Many lack a retirement plan at work and have little ability to save

By + More

For workers without a traditional pension, retirement is a do-it-yourself affair. But the majority of Americans have not done any retirement planning, according to research released today. Only 42 percent of working Americans have ever tried to figure out how much they need to save for retirement, the survey conducted by the Treasury Department, President’s Advisory Council on Financial Literacy, and the FINRA Investor Education Foundation found. Even among those closest to retirement, just 51 percent of Americans between the ages of 45 and 59 have attempted to calculate how much they must accumulate.

[See America's Best Affordable Places to Retire.]

The telephone survey of 1,488 Americans found that only half of respondents (51 percent) have a retirement plan at work. Even fewer people (28 percent) have retirement accounts outside of their workplace plan. Among those who have a retirement plan through their employer, most people reported having a 401(k) or similar retirement account (72 percent) that requires the individual to make investment decisions.

Most respondents (79 percent) said they regularly contribute to a retirement account. About half (46 percent) of the retirement savers reported investing in stocks, bonds, mutual funds, or some combination of the three. However, a sizable portion of these investors could not describe how their retirement assets were invested. For example, 17 percent of the survey respondents did not know whether their nest egg was invested in stocks or stock mutual funds and 37 percent were unsure if their assets were invested primarily in a life-cycle or target-date fund.

[See Is Retirement a Right or a Privilege?]
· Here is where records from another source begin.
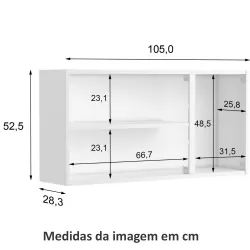 Armário Triplo Bertolini com vidro Evidence Aço 120 cm 3 portas - Branco/Preto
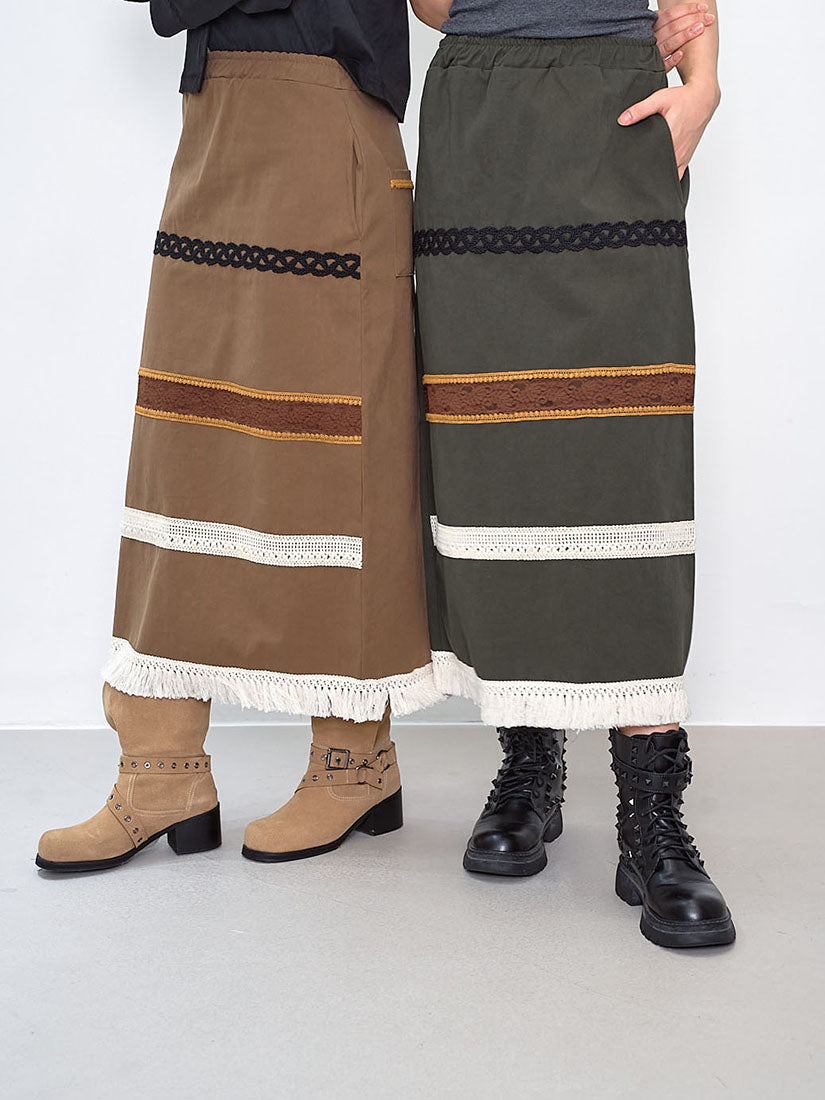 Lace Trim Tassels Hem Skirt (2 Colours)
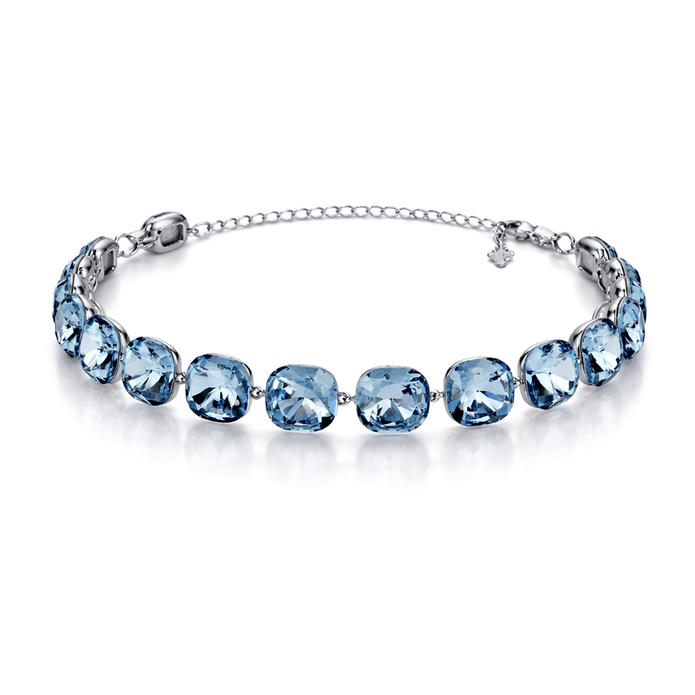 Cushion-cut crystal adjustable bracelet — variable colour - Aqua Blue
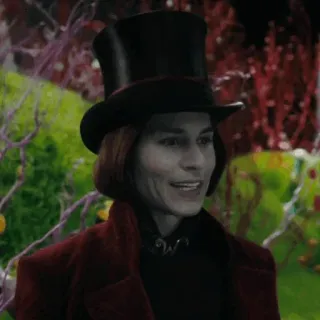 🎩 9aece131 Willy Wonka Charlie and the Chocolate Factory 威利·旺卡, 巧克力, 糖果, 工厂, 电影, 约翰尼·德普 whatsapp sticker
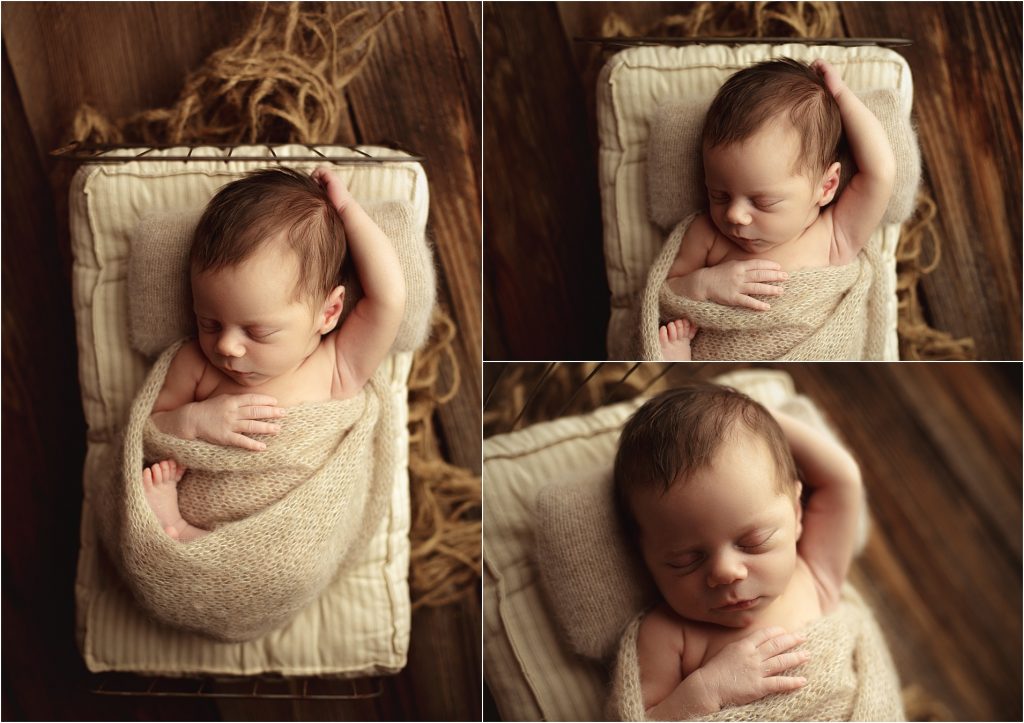 relaxed newborn photos on wire bed prop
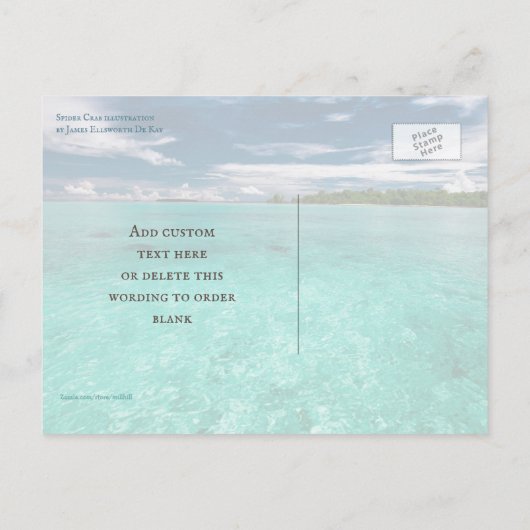 Spider Crab, geïllustreerd op Aangepast Alle Occas Briefkaart (Achterkant)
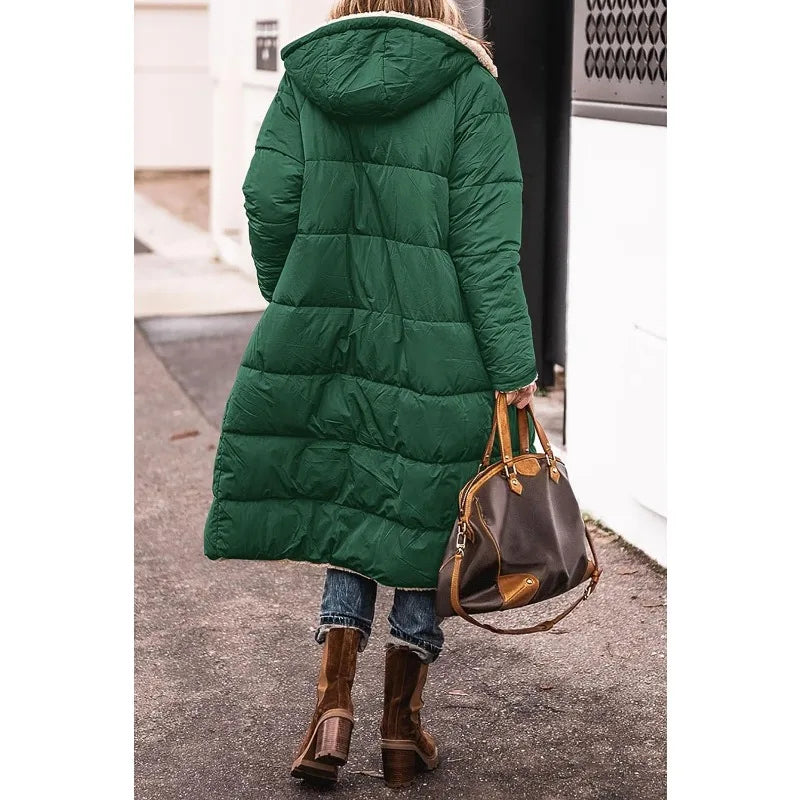 Reversible Sherpa Fleece, Long, Hooded Puffer Coats. Check colors: Brown, Green, Black, Burgundy, Light Gray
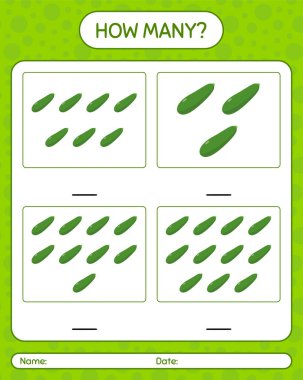 Okul öncesi çocuklar için kabak çalışma kağıdıyla kaç tane sayma oyunu, etkinlik sayfası, basılabilir çalışma tablosu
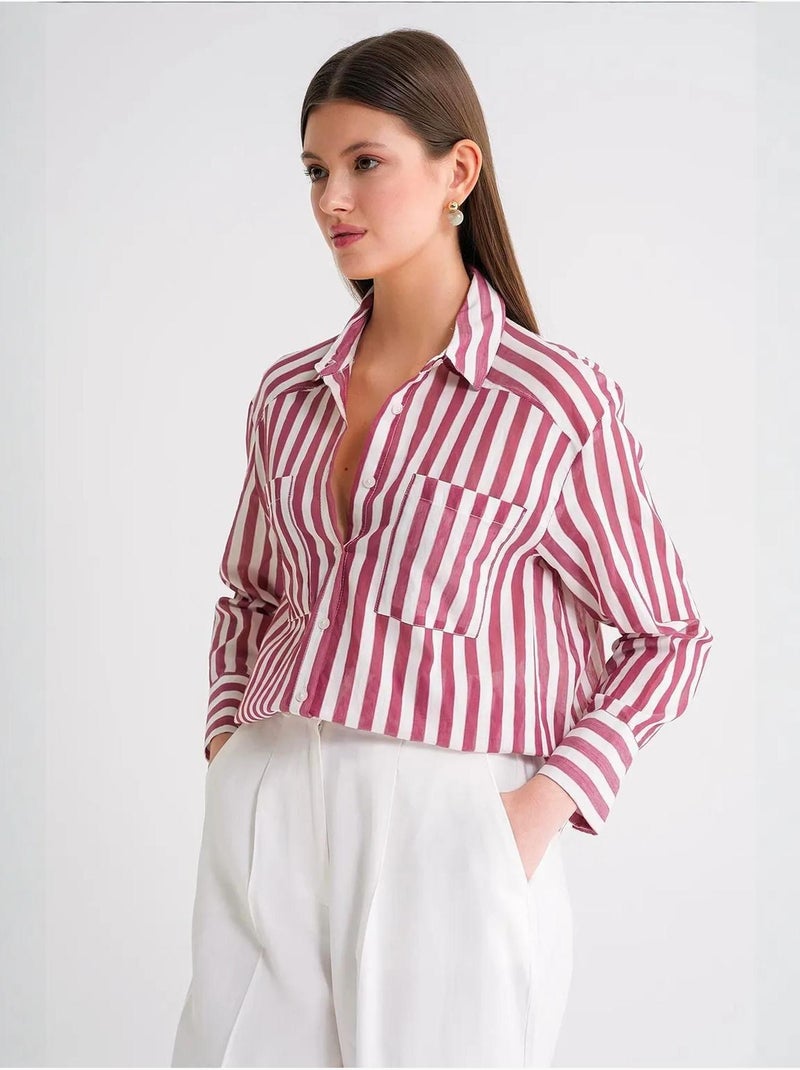 Camisa de popelina a rayas con bolsillo mixray Rojo burdeos - Kiabi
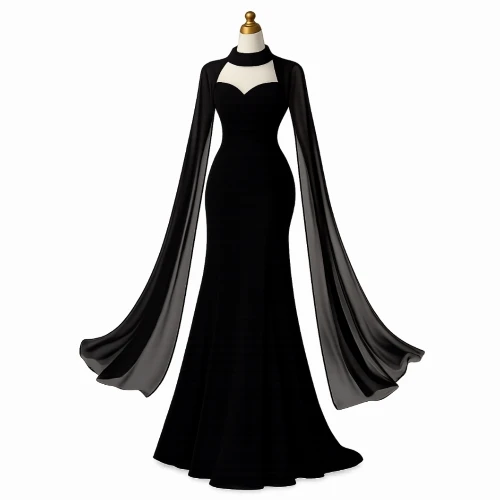 فستان سهرة شيفون أنيق بذيل شال طويل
Many workers also said they did not pay attention to their annual statements from the Social Security Administration (SSA) outlining their expected retirement benefits. While 66 percent of individuals who are not yet retired acknowledged receiving the statements that SSA has been mailing to workers since 1995, most said they did not use the information to make decisions about when to retire or sign up for Social Security benefits.

[See 10 Sources of Retirement Income.]

Retirees in the survey say they rely primarily on Social Security (81 percent) and traditional pension payments (63 percent) to pay their daily living expenses. Far fewer retirees finance their retirement using withdrawals from savings (26 percent), dividend or interest income (23 percent), wages (17 percent), rental or real estate income (12 percent), financial support from family (3 percent), or a reverse mortgage (1 percent).